III The Law That Was

The 1978 Revision of the laws governing movables and immovables was not made on a clean slate, and much of the pre-existing law was preserved in a new form. Articles 467-469 of the Louisiana Civil Code of 1870 governed the classification of things that had been placed upon or attached to an immovable and, indirectly, the status of those things as component parts of tracts of lands and buildings. These articles were studied thoroughly and then revised. For a better understanding of the scope and effect of the Revision, pertinent 1870 texts are reproduced below.
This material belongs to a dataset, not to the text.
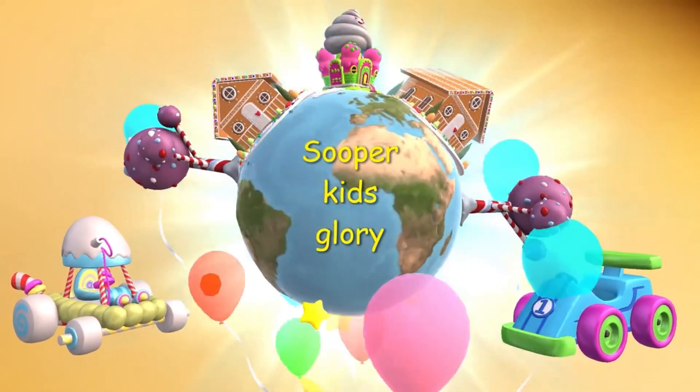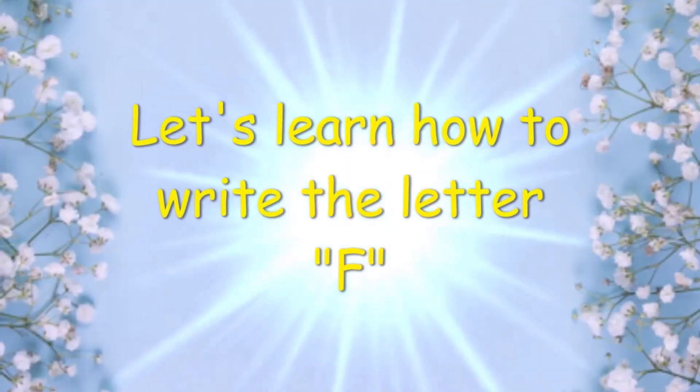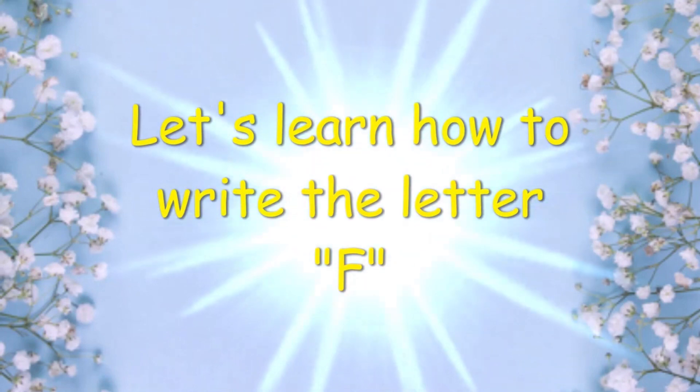Super Kids Glory! Let's learn how to write the letter F. Very good.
Article 467. Wire screens, water pipes, sewerage pipes, heating pipes, radiators, electric wires, electric and gas lighting fixtures, bathtubs, lavatories, closets, gasplants, meters and electric light plants, heating plants and furnaces, when actually connected with or attached to the building by the owner for the use or convenience of the building are immovable by their nature.

Article 468 [last paragraph]. All such movables as the owner has attached permanently to the tenement or to the building, are likewise immovables by destination.

Article 469. The owner is supposed to have attached to the tenement or to the building forever such movables as are affixed to the same with plaster or mortar, or such as can not be taken off without being broken or injured, or without breaking or injuring the part of the building to which they are attached.

A Interpretation And Application Of Article 467: Things "Connected With Or Attached To A Building"

Originally, Article 467 of the Louisiana Civil Code of 1870 provided that "the pipes made use of for the purpose of bringing water to a house or other estate, are immovable, and are part of the tenement to which they are attached." To resolve a controversy as to whether that article could be applied by analogy to non-enumerated things, an amendment was passed by the Louisiana Legislature in 1912 that produced the lengthy list.29 Subsequently, it was correctly held that the enumeration was Page 1383 indicative rather than exclusive.30 Accordingly, Louisiana courts classified as parts of a building a steam heating system,31 a hot water heater,32 a safe,33 doors,34 and a butane gas system.35

Under Article 467, the test for the classification of a thing as a part of a building was connection with or attachment to the building by the owner for the use or convenience of the building. This test of use or convenience was sufficiently broad to include almost anything imaginable and in part overlapped with the last paragraph of Article 468. However, under Article 467, the enumerated things were immovables if they were merely "connected with or attached" to the building; permanent attachment was not a requisite.36 In contrast, according to Article 468, permanent attachment was required for the classification of a thing as a part of an immovable. Article 469 established a presumption of permanent attachment when things were attached with plaster or mortar or when they could not be separated from the immovable without injury.

In Lafleur v Foret,37 a landmark decision, the court faced, inter alia, the question of...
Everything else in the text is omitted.